Joseph Brown Heiskell (November 5, 1823 – March 7, 1913) was a prominent Tennessee politician who served in the Confederate States Congress during the American Civil War.

Biography
Heiskell was born in Knoxville, Tennessee, the son of newspaper publisher Frederick S. Heiskell (1786–1882) and Eliza (Brown) Heiskell. He served in the Tennessee State Senate during the 32nd General Assembly from 1857 to 1859, representing Hancock, Hawkins, and Jefferson counties as a member of the Whig Party.

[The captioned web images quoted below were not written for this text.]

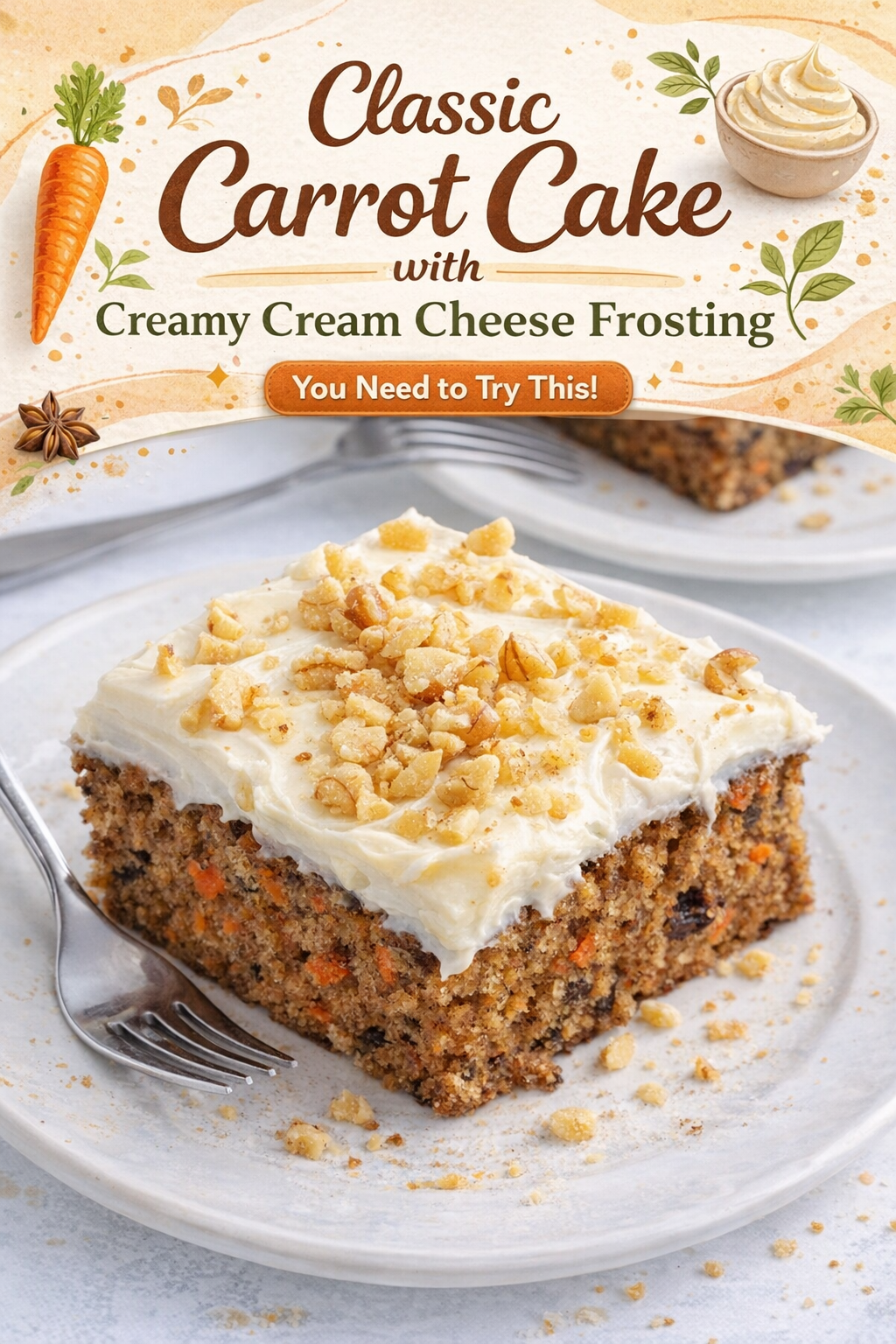 Moist Carrot Cake with Cream Cheese Frosting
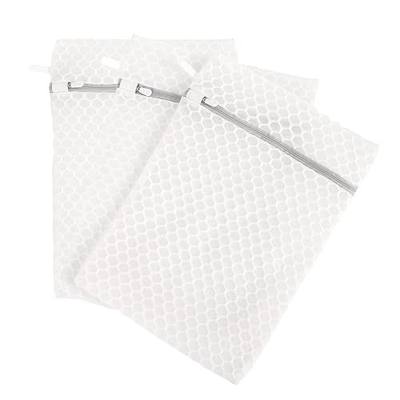 3 Pack 12x16 Inch Honeycomb Mesh Laundry Bags Heavy Duty Zipper Reusable Wash Bags for Delicates Clothes Lingerie Bras Socks Home Laundry Travel Storage Organizer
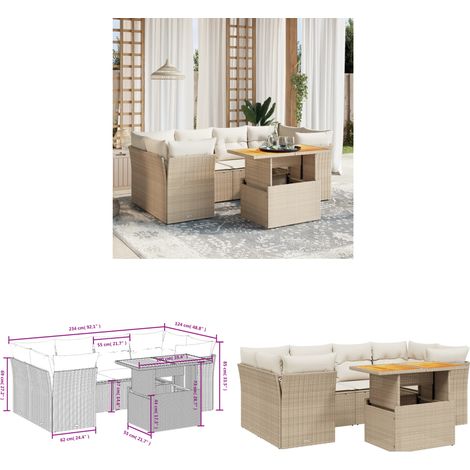 7-tlg. Garten-Sofagarnitur mit Kissen Beige Poly Rattan - Gartensorte - Esszimmergarnitur - Lounge Set - Outdoor Möbel - Gartenmöbelset - Home & Living (1/3)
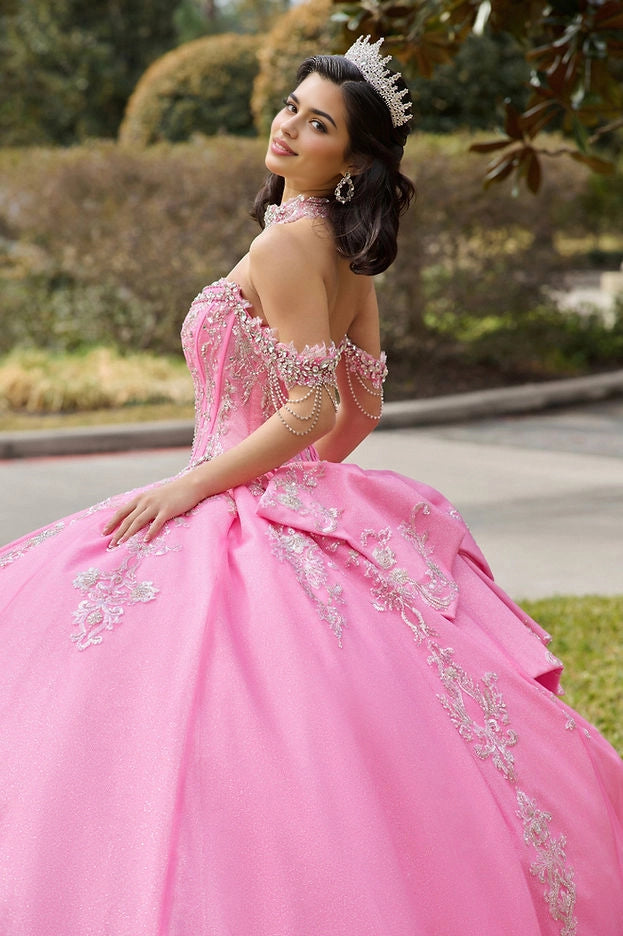 Ball Gown Off Shoulder Beaded Bow Train Cinderella Quinceañera Dress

Following the state's ordinance of secession and the outbreak of the Civil War, he represented Tennessee in the First Confederate Congress and the Second Confederate Congress from 1862 to 1864. After being captured by Union soldiers in 1864, Heiskell was incarcerated. He remained in prison until the end of the war.

Following his release, he established a practice in Memphis, Tennessee, and was active in local politics. He was Tennessee's attorney general from 1870 to 1878.

Heiskell died in Memphis on March 7, 1913. Interment was in the city's Elmwood Cemetery.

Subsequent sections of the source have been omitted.